Today is another day and life goes on and there is so much to do and get done, I am not sure anymore if we are behind schedule, on time or ahead of where we should be , but I am happy with our progress and where we are because I know that we have done it all ourselves and it is our house, Our little semi detached white house in the middle of the street. I love our neighborhood, our neighbors and just everything about it, it is so friendly here and so welcoming in every way. perfect to sit down and become your gay neighbor. So today Matt is going to finish the plumbing and get the new bathroom up and running, I think I may start tiling the floor and get that underway so by the weekend we can be using that bathroom and I can sit in our new soaker tub for an hour or so, God I love that tub. That is todays project.
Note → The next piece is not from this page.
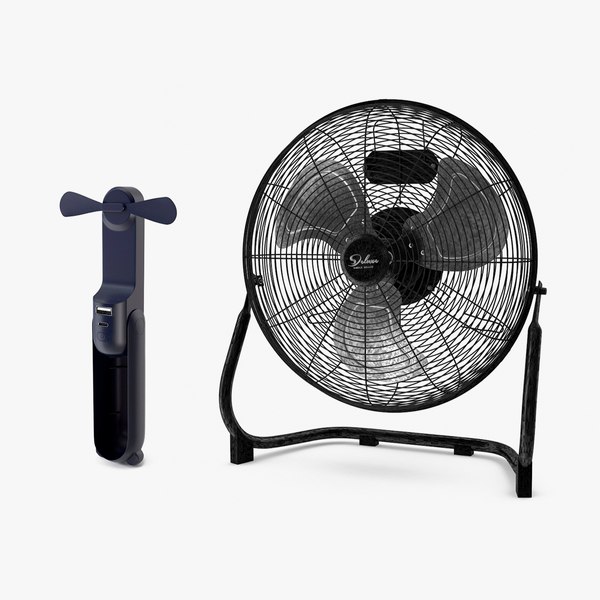 3D Personal Fans Collection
Tomorrow, well that is another day and we are never sure what that will bring. Matt and I sit here everynight and discuss what each one of us is going to do the next day and projects that we need to get done. Will let you know how today goes and what is in store for us tomorrow. I hope everyone is having a great week and please take care. Talk soon, bye for now from your gay neighbor.
Monday, June 18, 2012
A Day of Deep Thought and more work
Well to start off today , I just want to mention what a wonderful and extremely busy weekend Matthew and I had again. Saturday was filled with running around, picking up supplies, and then working in the back yard for me and tilling and leveling the whole thing so I could plant a garden and for Matt it was dry fitting all the plumbing and getting the new bathroom set to go and ready.
I want to thank our neighbor Mara for the ride to Homo Depot to return the roto tiller rental and going to the liquor store with her was a blast, very pretty lady so i think everyone was staring at her the whole time. Matthew and I also managed to squeeze in some relax time this weekend at night by going over to Jeff and Mara house for a drink or 4. We have gotten to know all the neighbors here and are quite happy so far, they seem really great and are all quite friendly. But I would say that Jeff and Mara have become our most frequently visited and bn(best neighbor).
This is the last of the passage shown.